I have been interested in natural history since I was a young child. It wasn’t until my early teens, after reading a book on natural history that I began taking notes, and it wasn’t until I later joined the school bird club that my note taking became regular. Being in the bird club introduced me to keeping lists. I started with the all-important life list, which began from scratch and was added to rapidly, but as it slowed down I looked to my fellow birders, who kept a county list and year lists. The listing bug had bitten. My life list was for birds, but my interest was in general natural history, so the rest of the animal kingdom, and plants, and fungi, joined it.
By now I was in my late teens, doing ‘A’ levels, and some of the more serious birders in the club were twitchers, prepared to travel through the night at weekends in search of elusive rarities.
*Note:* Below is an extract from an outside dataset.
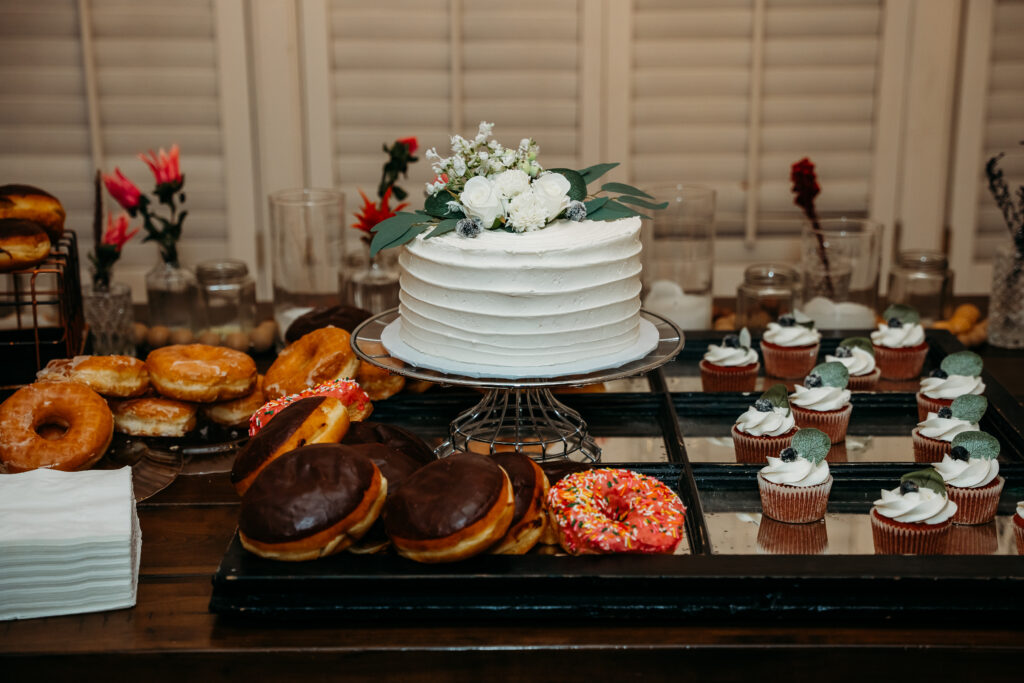 cutting the cake, bride and groom, dessert table for reception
I went on a few twitches, with mixed results, but a dangerous precedent had been set. If birds could be twitched, why not other natural history? Simpson’s Flora of Suffolk had just been published and presented the ideal opportunity to add to the plant list. Sifting through the pages, gleaning localities of plants not already on my life list sent me off to pastures new (literally), and the quest for new ticks continues to the present.
Is it a blessing? I’ve visited places I wouldn’t have in search of new places, and noted the surrounding flora and fauna. I’ve tried to read up and learn about the more elusive genera, to add them to the list, so I’ve broadened my knowledge. But is it a curse? This quest for new species means trying to give a name to everything, and with lesser-known groups – are my field guides detailed enough for correct identification? Is a life list really all that relevant? Perhaps not, but once the bug has bitten, it’s hard to stop. It keeps me venturing out in all weathers to all places in search of all life, so perhaps it isn’t such a bad thing after all.